* **WORK INSTRUCTION**
Would you transcribe the entries below word for word, omitting all images?

* **MATERIAL FOR THIS EXERCISE**
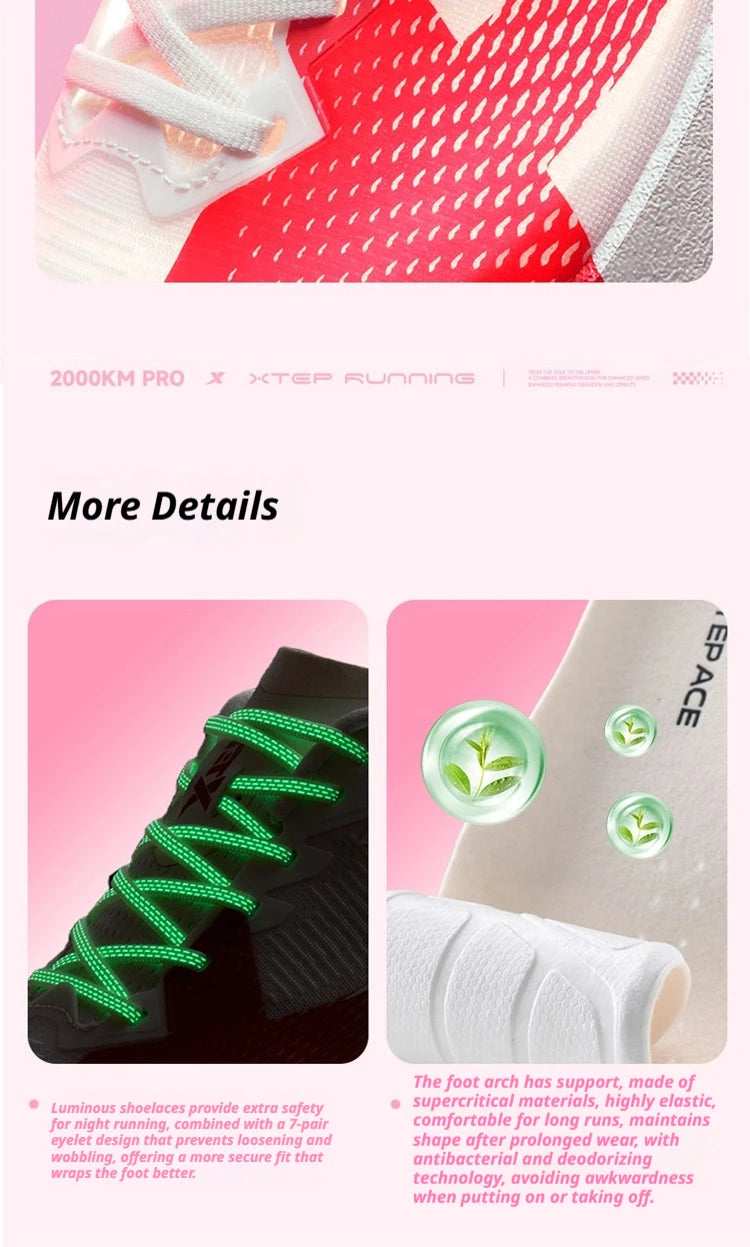 XTEP 2000km PRO Women's Running Sneakers 2026 Spring Cushioned Stability Comfort Lightweight Female Sports shoes 874218110043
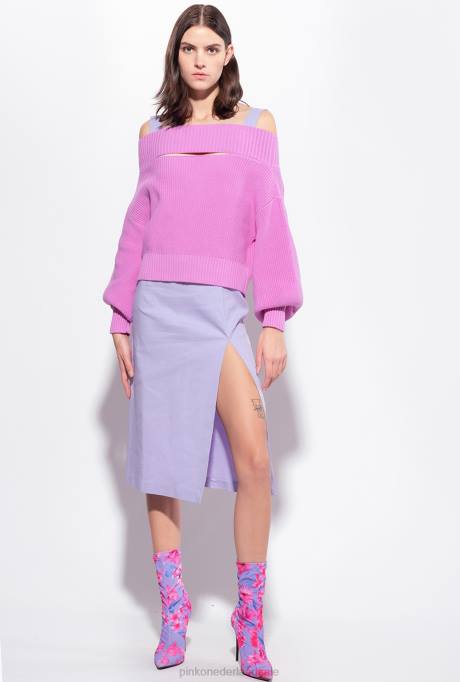 truien | L488497 visser rib gebreide off-the-shoulder pullover Pinko opera mauve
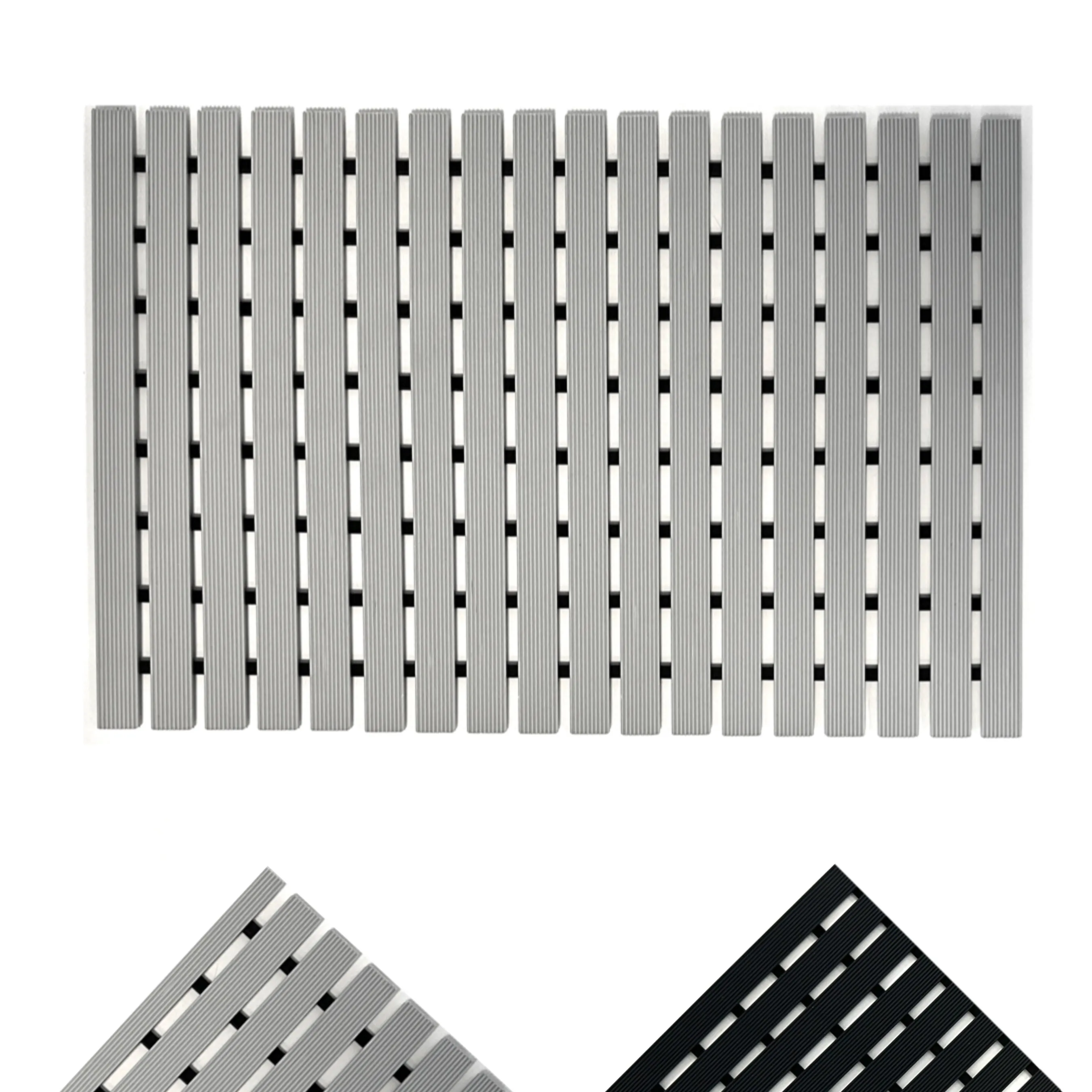 Non-Slip PVC Duckboard Shower Mat - Vertical Slats - 43cm x 64cm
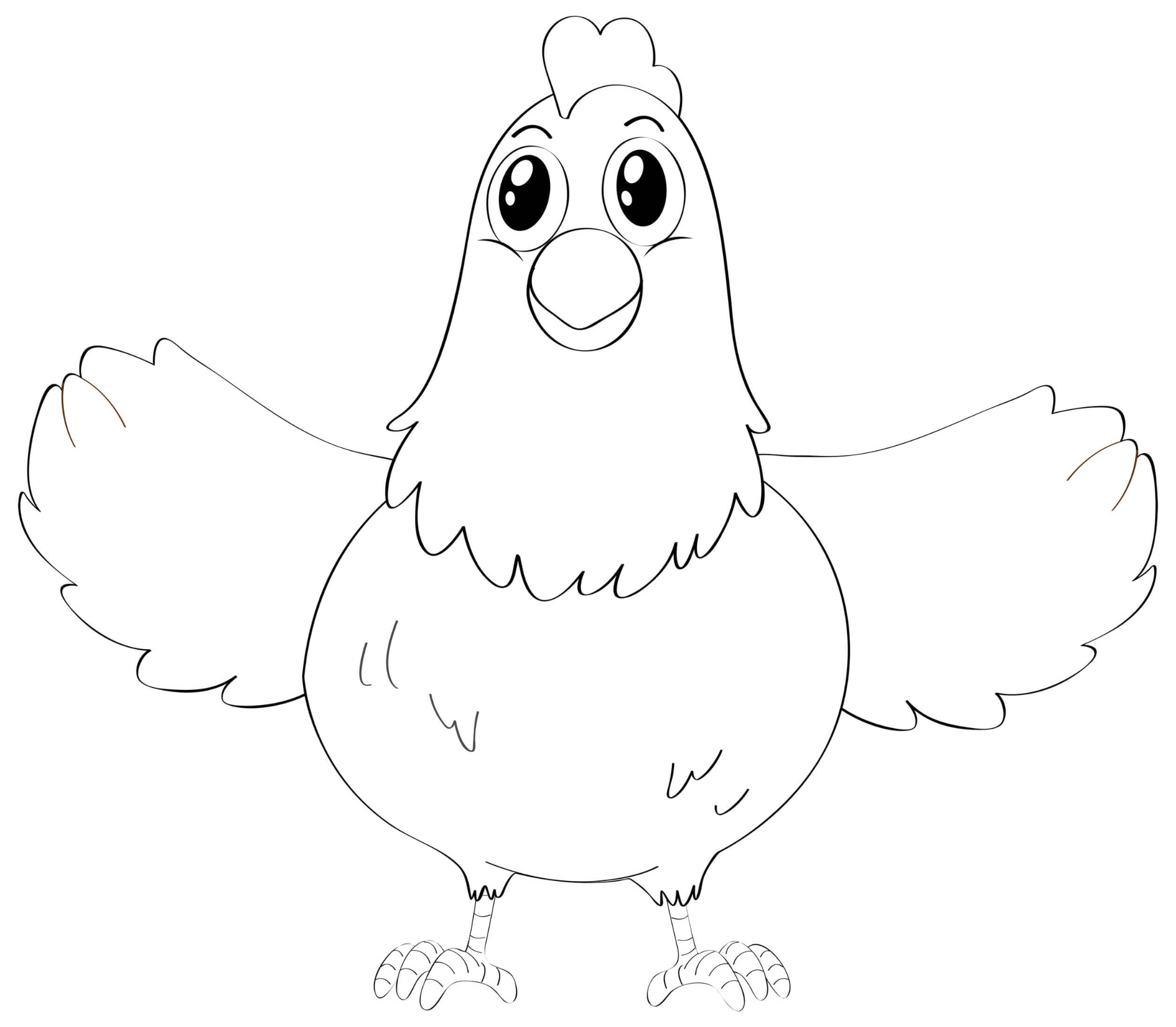 Coloriage Poule Maternelle Heureuse Ailes Ouvertes - Poule à imprimer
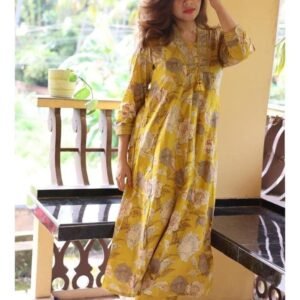 Women Wear Yellow Kurti Pant Set With Beautiful Embroidery work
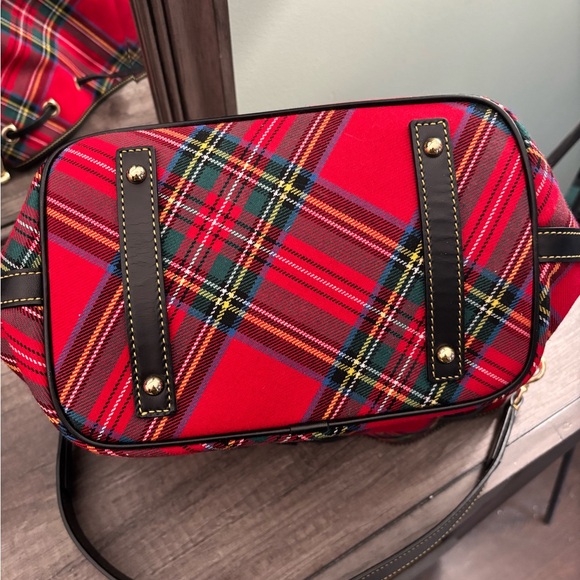 Dooney & Bourke Red Tartan Plaid Women's Bucket Bag - Picture 6 of 9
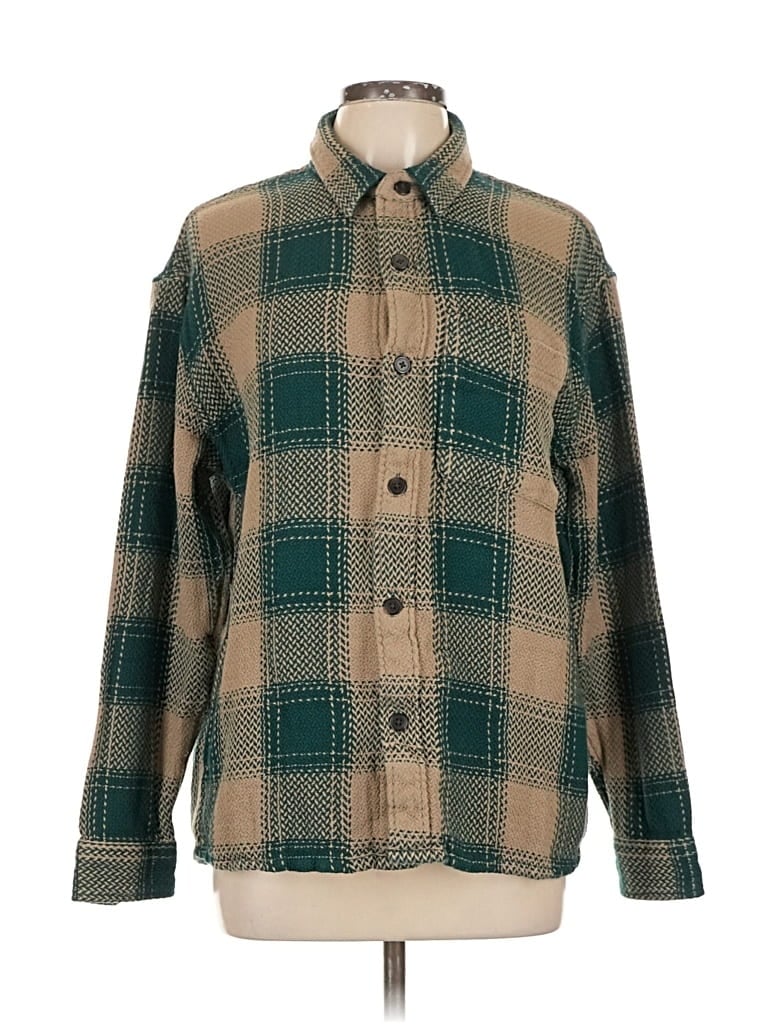 Pre-owned Abercrombie & Fitch Long Sleeve Button Down Shirt In Green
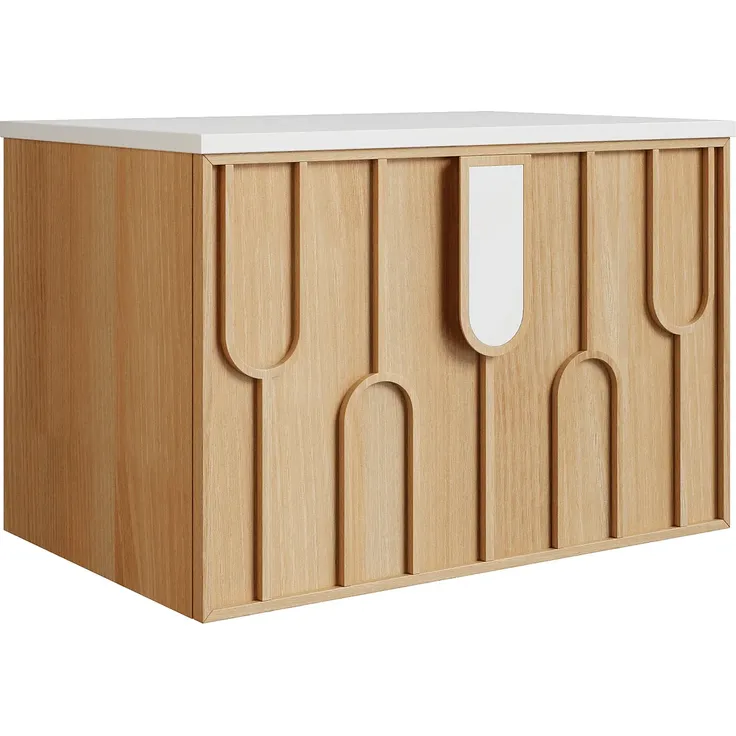 Vente-unique - MERKAN Waschbeckenmöbel Holz, Platte Beige - B 50 cm x H 49 cm x L 75 cm – Bild 3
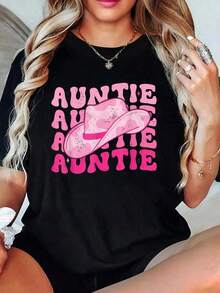 Retro Pink Cowboy Style T-Shirt For Aunt Cowgirl, Women's Sets - 黑色 - 查看 1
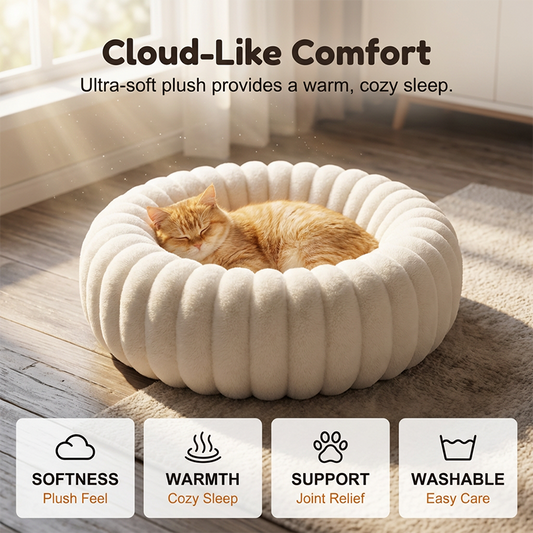 📢📢50% DE RÉDUCTION !! ⏰ Panier rond apaisant ultra-doux pour chat et chien – Bordure surélevée, nid douillet parfait pour des siestes sereines 🐶☁️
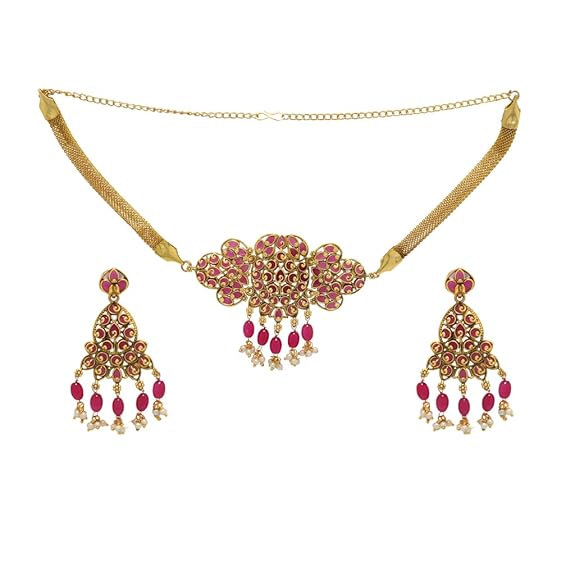 SRIMATHI JEWELLERS Floral design choker set | Fashion jewelley for womens | Pink color choker necklace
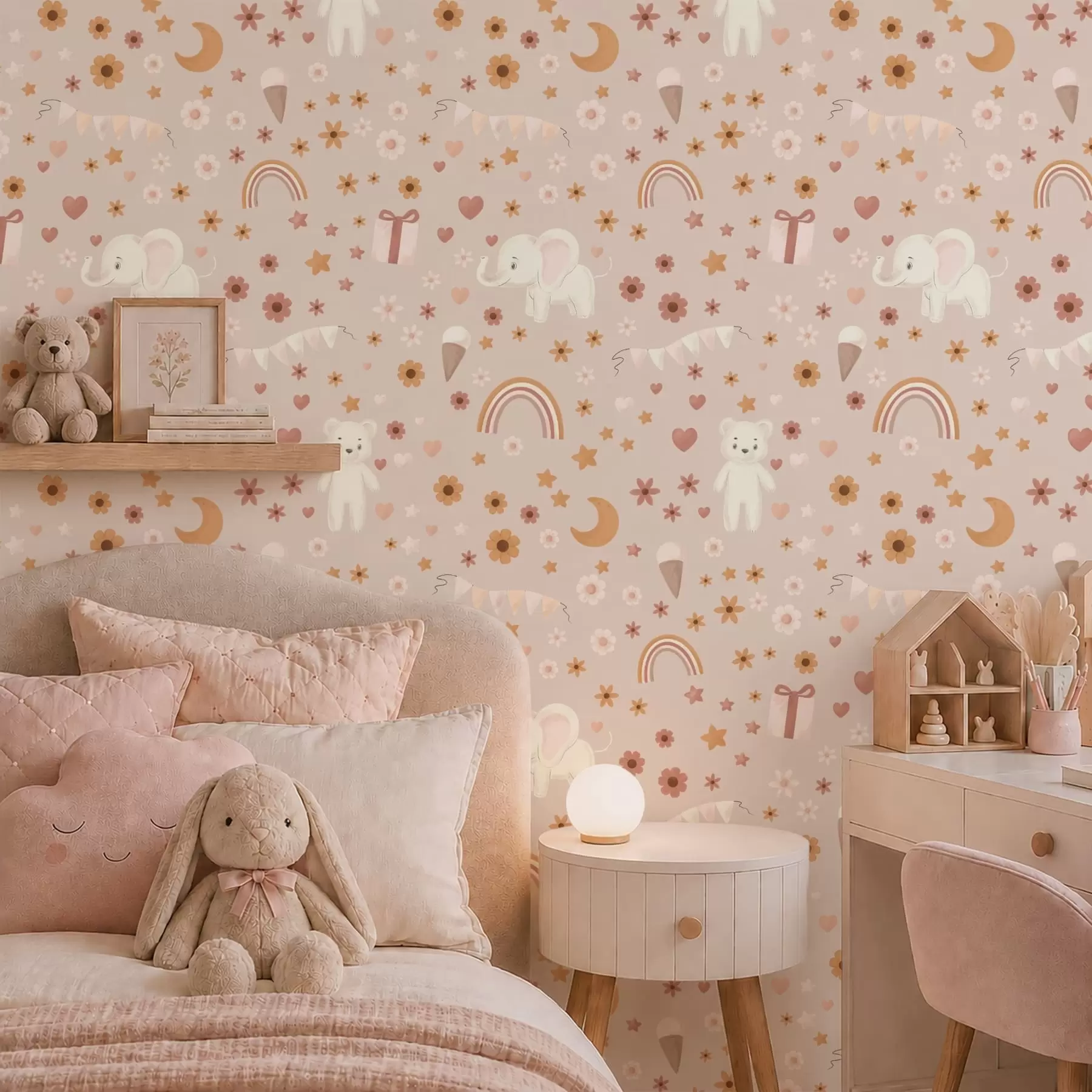 murais de parede Estampado infantil com elefante, arco-íris e flores a00433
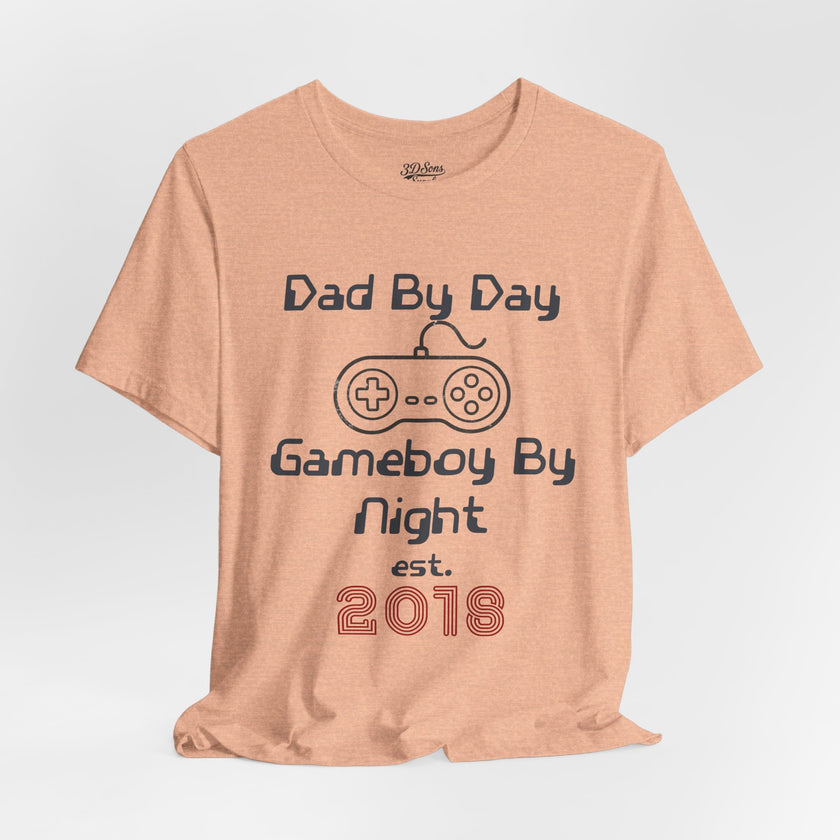 Personalized Dad By Day Gamer By Night T-Shirt,  90's Retro Controller Tee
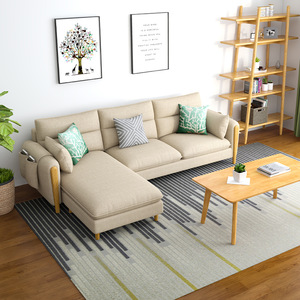 L-Shaped Fabric <b>Sofa</b> Dark Gray Three Seater Modern Living Room Upholstered <b>Sofa</b> With Wooden Legs - Product Image 2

* **RESULT FOR THIS TASK**
 XTEP 2000km PRO Women's Running Sneakers 2026 Spring Cushioned Stability Comfort Lightweight Female Sports shoes 874218110043
 truien | L488497 visser rib gebreide off-the-shoulder pullover Pinko opera mauve
 Non-Slip PVC Duckboard Shower Mat - Vertical Slats - 43cm x 64cm
 Coloriage Poule Maternelle Heureuse Ailes Ouvertes - Poule à imprimer
 Women Wear Yellow Kurti Pant Set With Beautiful Embroidery work
 Dooney & Bourke Red Tartan Plaid Women's Bucket Bag - Picture 6 of 9
 Pre-owned Abercrombie & Fitch Long Sleeve Button Down Shirt In Green
 Vente-unique - MERKAN Waschbeckenmöbel Holz, Platte Beige - B 50 cm x H 49 cm x L 75 cm – Bild 3
 Retro Pink Cowboy Style T-Shirt For Aunt Cowgirl, Women's Sets - 黑色 - 查看 1
 📢📢50% DE RÉDUCTION !! ⏰ Panier rond apaisant ultra-doux pour chat et chien – Bordure surélevée, nid douillet parfait pour des siestes sereines 🐶☁️
 SRIMATHI JEWELLERS Floral design choker set | Fashion jewelley for womens | Pink color choker necklace
 murais de parede Estampado infantil com elefante, arco-íris e flores a00433
 Personalized Dad By Day Gamer By Night T-Shirt,  90's Retro Controller Tee
 L-Shaped Fabric <b>Sofa</b> Dark Gray Three Seater Modern Living Room Upholstered <b>Sofa</b> With Wooden Legs - Product Image 2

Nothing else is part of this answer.